I misteri di Ezra Pound

 

È sempre un azzardo avvicinarsi o accostarsi a Ezra Pound, poeta, saggista e traduttore statunitense che ha passato gran parte della vita in Italia. Justo Navarro, traduttore e scrittore spagnolo, lo fa con un piglio d’indagine letteraria più che storica. E quasi personale. Si trova cioè a ripercorrere il palcoscenico calcato da Pound nei giorni successivi al 25 aprile 1945. Navarro, infatti, va a Pisa, visita Metato dove il poeta era stato ospitato, unico civile, nel Disciplinary Trainer Center, dove riempì i taccuini con i versi dei Pisan Cantos, appoggiato a una cassetta di frutta. Poi va a Ferrara a trovare un amico scrittore italiano e lì incontra un carabiniere in pensione che aveva seguito Pound nel 1942 e ’43.

Così, sulla scorta di questi sopralluoghi, il libro La spia parte dall’arresto del poeta americano avvenuto il 3 maggio 1945 a Sant’Ambrogio, Rapallo, Liguria, e si snoda nella ricostruzione, a volte storica a volte fantasiosa, molto dettagliata e sentita, di quanto avvenne a Pound fino al 1949.

Cittadino americano, senza rinunciare mai al suo status, Pound aveva vissuto negli Stati Uniti sino al 1908, a Londra sino al 1920, a Parigi sino al ’24 e quindi se ne era andato a Rapallo con la moglie Dorothy. Anche la sua giovane amante, la violinista Olga Rudge, dalla quale aveva avuto una figlia, lo aveva seguito in Riviera, piazzandosi proprio a Sant’Ambrogio. Pound aveva cominciato a lavorare a Radio Roma nell’estate del ’40 con la sua trasmissione Europe calling, Ezra Pound speaking, emulo di Lord Haw-Haw che invece lanciava sermoni da Radio Berlino. Lì fece propaganda fascista destinata ad ascoltatori anglofoni, ma i suoi discorsi erano frasi fatte, invettive contro Roosevelt, il “complotto giudaico”, le grandi banche. E non ottenne nulla in cambio del suo sostegno a Mussolini, che vide una sola volta, mentre il suo disinteresse destò sospetti fra amici e avversari.

Il racconto di Navarro esaspera gli interrogativi su quell’intellettuale irregolare, fuori dagli schemi, volutamente contro, incline a destare sospetti e alimentare equivoci.

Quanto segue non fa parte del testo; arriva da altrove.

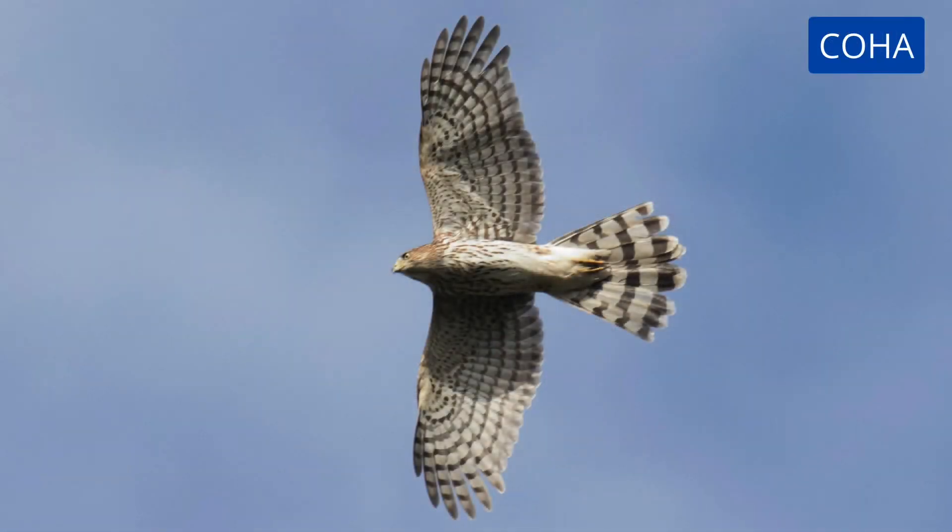This bird seems lanky and large-headed. It has brown underside streaking, so it is a juvenile. The streaking is teardrop-shaped and concentrated on the upper breast. The tail is fanned and the outer tail feathers look shorter. This is a juvenile Cooper's hawk.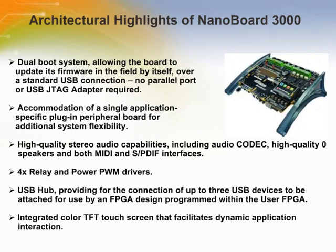The NanoBoard 3000 is supplied with a Xilinx Spartan 3AN FPGA. It also has hardware, software, IP, and a dedicated Altium Designer soft design license.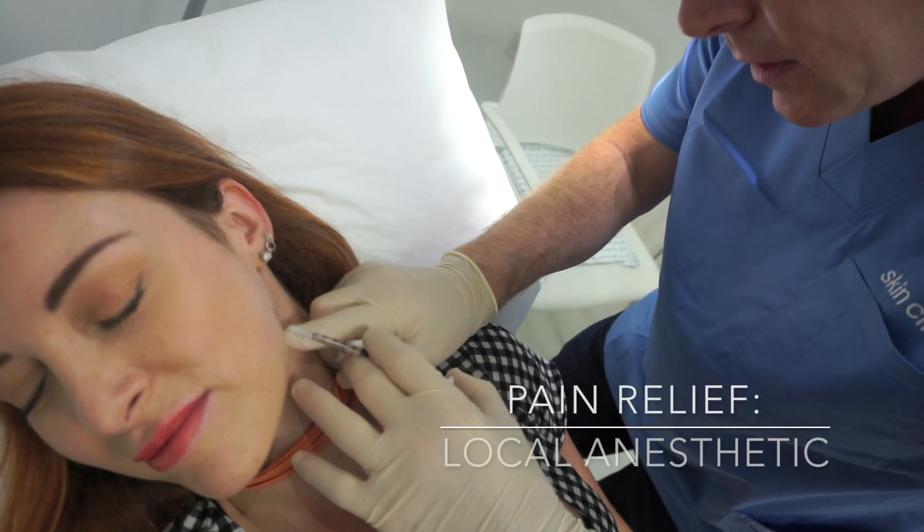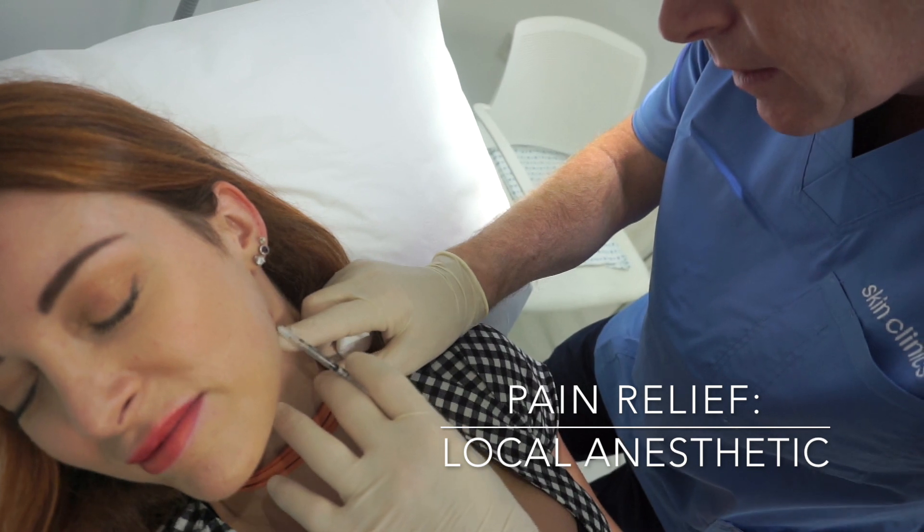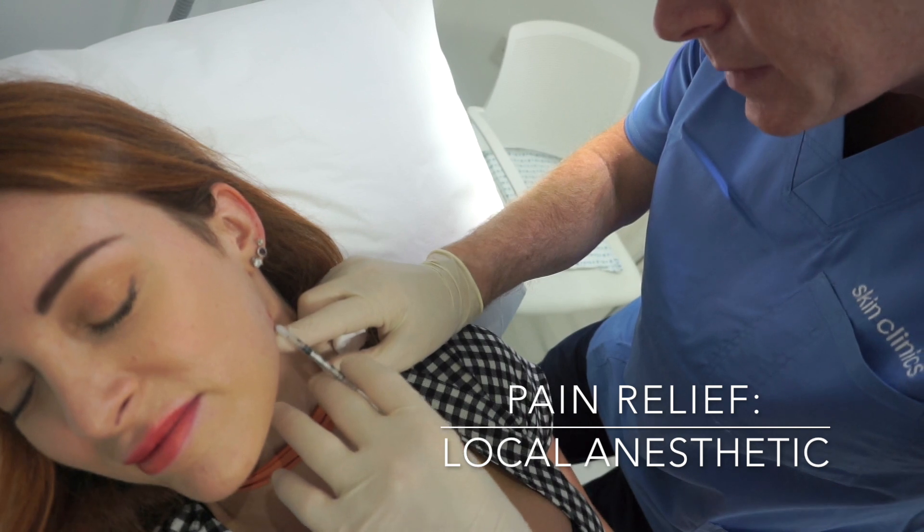All this does is give a little numbing to the area. You can see it's a tiny needle — it just goes in under the skin. That'll be numb in about a minute.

Pur essendo Pound un tifoso dichiarato di Mussolini, i dirigenti del Minculpop non capirono i suoi discorsi radiofonici, sottoposti a esami crittografici da parte dei servizi segreti, in cui mischiava saggezza cinese ed etnografia tedesca, poeti d’avanguardia e gangster di ogni tipo. I funzionari fascisti li giudicavano semplicemente demenziali o inintellegibili. Venne anche considerata la possibilità che Pound fosse un provocatore o addirittura una spia da doppio gioco che trasmetteva via radio informazioni e istruzioni al nemico. L’Ovra lo aveva anche scovato a frequentare antifascisti: gli aveva messo un uomo alle calcagna e aveva piazzato quattro microfoni nella casa del suo amico Chilanti.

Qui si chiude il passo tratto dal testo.